# PROBLEM DETAILS:
Return exactly the lines below, starting with the one that has "Tottenham Hotspur's Kevin" and going on through the one that has "Vacuum Coffee Brewing".

Data excerpts:
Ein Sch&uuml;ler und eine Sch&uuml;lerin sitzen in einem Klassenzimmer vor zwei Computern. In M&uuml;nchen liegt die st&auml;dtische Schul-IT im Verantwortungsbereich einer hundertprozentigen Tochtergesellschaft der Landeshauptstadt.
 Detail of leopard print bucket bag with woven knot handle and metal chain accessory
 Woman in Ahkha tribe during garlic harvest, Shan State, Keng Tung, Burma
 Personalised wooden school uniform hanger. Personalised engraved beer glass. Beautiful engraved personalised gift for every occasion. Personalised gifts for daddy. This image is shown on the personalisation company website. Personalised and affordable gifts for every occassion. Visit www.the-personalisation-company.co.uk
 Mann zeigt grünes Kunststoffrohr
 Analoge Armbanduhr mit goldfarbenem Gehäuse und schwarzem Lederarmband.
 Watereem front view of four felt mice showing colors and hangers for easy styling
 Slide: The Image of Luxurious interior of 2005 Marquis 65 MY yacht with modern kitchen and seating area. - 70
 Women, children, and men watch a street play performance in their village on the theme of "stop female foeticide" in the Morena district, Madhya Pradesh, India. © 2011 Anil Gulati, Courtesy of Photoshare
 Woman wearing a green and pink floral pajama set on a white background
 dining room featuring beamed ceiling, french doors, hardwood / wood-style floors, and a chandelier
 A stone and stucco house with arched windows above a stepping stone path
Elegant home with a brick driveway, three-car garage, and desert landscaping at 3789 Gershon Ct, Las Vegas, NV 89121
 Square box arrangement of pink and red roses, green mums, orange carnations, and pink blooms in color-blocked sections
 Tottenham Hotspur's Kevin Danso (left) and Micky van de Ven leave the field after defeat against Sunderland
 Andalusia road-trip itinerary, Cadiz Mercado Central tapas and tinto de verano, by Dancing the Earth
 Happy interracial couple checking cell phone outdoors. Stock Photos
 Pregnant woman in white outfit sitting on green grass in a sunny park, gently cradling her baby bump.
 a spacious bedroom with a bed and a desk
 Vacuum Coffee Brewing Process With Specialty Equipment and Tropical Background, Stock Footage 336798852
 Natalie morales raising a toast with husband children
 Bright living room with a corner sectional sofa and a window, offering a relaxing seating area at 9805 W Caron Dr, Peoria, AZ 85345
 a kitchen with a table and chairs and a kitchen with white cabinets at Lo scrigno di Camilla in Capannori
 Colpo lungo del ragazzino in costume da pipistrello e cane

# TASK RESPONSE:
 Tottenham Hotspur's Kevin Danso (left) and Micky van de Ven leave the field after defeat against Sunderland
 Andalusia road-trip itinerary, Cadiz Mercado Central tapas and tinto de verano, by Dancing the Earth
 Happy interracial couple checking cell phone outdoors. Stock Photos
 Pregnant woman in white outfit sitting on green grass in a sunny park, gently cradling her baby bump.
 a spacious bedroom with a bed and a desk
 Vacuum Coffee Brewing Process With Specialty Equipment and Tropical Background, Stock Footage 336798852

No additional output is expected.